> [Supplied material]:
——————————
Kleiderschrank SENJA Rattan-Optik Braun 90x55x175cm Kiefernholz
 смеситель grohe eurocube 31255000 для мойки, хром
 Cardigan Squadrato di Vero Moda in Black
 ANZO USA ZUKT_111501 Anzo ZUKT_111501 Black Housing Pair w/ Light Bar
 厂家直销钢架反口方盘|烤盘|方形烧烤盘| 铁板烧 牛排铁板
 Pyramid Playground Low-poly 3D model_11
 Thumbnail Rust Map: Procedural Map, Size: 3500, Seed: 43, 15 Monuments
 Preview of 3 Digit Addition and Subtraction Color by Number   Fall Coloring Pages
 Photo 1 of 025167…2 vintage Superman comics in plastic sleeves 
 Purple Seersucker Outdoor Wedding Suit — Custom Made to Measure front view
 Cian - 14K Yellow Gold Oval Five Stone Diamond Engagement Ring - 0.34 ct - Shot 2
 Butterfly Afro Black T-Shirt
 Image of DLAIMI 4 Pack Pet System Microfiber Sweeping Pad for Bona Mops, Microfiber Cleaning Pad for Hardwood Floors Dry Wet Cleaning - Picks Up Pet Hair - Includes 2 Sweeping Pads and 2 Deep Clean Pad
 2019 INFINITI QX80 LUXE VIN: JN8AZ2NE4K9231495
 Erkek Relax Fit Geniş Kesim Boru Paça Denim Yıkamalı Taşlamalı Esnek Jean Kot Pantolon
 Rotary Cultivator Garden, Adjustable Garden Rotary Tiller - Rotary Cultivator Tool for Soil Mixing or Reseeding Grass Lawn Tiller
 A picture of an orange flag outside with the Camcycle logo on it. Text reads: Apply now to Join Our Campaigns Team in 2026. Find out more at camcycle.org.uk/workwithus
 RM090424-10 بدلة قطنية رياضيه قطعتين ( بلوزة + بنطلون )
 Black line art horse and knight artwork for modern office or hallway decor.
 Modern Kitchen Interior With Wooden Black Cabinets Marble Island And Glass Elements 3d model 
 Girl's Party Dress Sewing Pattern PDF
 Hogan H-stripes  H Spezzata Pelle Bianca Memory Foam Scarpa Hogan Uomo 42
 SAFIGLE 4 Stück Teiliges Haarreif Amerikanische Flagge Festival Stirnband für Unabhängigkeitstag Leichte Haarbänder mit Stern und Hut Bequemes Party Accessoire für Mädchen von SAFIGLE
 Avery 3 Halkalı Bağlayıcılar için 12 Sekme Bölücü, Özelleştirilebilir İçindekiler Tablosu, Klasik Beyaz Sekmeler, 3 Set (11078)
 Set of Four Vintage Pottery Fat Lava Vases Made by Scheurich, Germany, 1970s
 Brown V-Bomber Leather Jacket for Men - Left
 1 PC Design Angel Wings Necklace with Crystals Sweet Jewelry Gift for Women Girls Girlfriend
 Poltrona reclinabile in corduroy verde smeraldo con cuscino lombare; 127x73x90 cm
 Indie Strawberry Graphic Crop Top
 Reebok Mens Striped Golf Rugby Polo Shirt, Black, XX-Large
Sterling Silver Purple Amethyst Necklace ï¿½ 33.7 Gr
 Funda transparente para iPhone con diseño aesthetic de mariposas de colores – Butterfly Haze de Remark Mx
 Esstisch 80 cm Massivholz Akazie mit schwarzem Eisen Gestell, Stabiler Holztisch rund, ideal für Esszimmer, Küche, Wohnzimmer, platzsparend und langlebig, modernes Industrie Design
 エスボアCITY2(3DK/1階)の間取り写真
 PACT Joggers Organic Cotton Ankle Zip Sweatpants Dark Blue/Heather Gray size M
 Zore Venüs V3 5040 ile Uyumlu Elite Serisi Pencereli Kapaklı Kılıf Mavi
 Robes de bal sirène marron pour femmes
——————————
> [Task requirements]: From the top of the listing above, restate each line word for word up to and including the line with "SAFIGLE 4 Stück"; add nothing else.

> [Response to this task]:
Kleiderschrank SENJA Rattan-Optik Braun 90x55x175cm Kiefernholz
 смеситель grohe eurocube 31255000 для мойки, хром
 Cardigan Squadrato di Vero Moda in Black
 ANZO USA ZUKT_111501 Anzo ZUKT_111501 Black Housing Pair w/ Light Bar
 厂家直销钢架反口方盘|烤盘|方形烧烤盘| 铁板烧 牛排铁板
 Pyramid Playground Low-poly 3D model_11
 Thumbnail Rust Map: Procedural Map, Size: 3500, Seed: 43, 15 Monuments
 Preview of 3 Digit Addition and Subtraction Color by Number   Fall Coloring Pages
 Photo 1 of 025167…2 vintage Superman comics in plastic sleeves 
 Purple Seersucker Outdoor Wedding Suit — Custom Made to Measure front view
 Cian - 14K Yellow Gold Oval Five Stone Diamond Engagement Ring - 0.34 ct - Shot 2
 Butterfly Afro Black T-Shirt
 Image of DLAIMI 4 Pack Pet System Microfiber Sweeping Pad for Bona Mops, Microfiber Cleaning Pad for Hardwood Floors Dry Wet Cleaning - Picks Up Pet Hair - Includes 2 Sweeping Pads and 2 Deep Clean Pad
 2019 INFINITI QX80 LUXE VIN: JN8AZ2NE4K9231495
 Erkek Relax Fit Geniş Kesim Boru Paça Denim Yıkamalı Taşlamalı Esnek Jean Kot Pantolon
 Rotary Cultivator Garden, Adjustable Garden Rotary Tiller - Rotary Cultivator Tool for Soil Mixing or Reseeding Grass Lawn Tiller
 A picture of an orange flag outside with the Camcycle logo on it. Text reads: Apply now to Join Our Campaigns Team in 2026. Find out more at camcycle.org.uk/workwithus
 RM090424-10 بدلة قطنية رياضيه قطعتين ( بلوزة + بنطلون )
 Black line art horse and knight artwork for modern office or hallway decor.
 Modern Kitchen Interior With Wooden Black Cabinets Marble Island And Glass Elements 3d model 
 Girl's Party Dress Sewing Pattern PDF
 Hogan H-stripes  H Spezzata Pelle Bianca Memory Foam Scarpa Hogan Uomo 42
 SAFIGLE 4 Stück Teiliges Haarreif Amerikanische Flagge Festival Stirnband für Unabhängigkeitstag Leichte Haarbänder mit Stern und Hut Bequemes Party Accessoire für Mädchen von SAFIGLE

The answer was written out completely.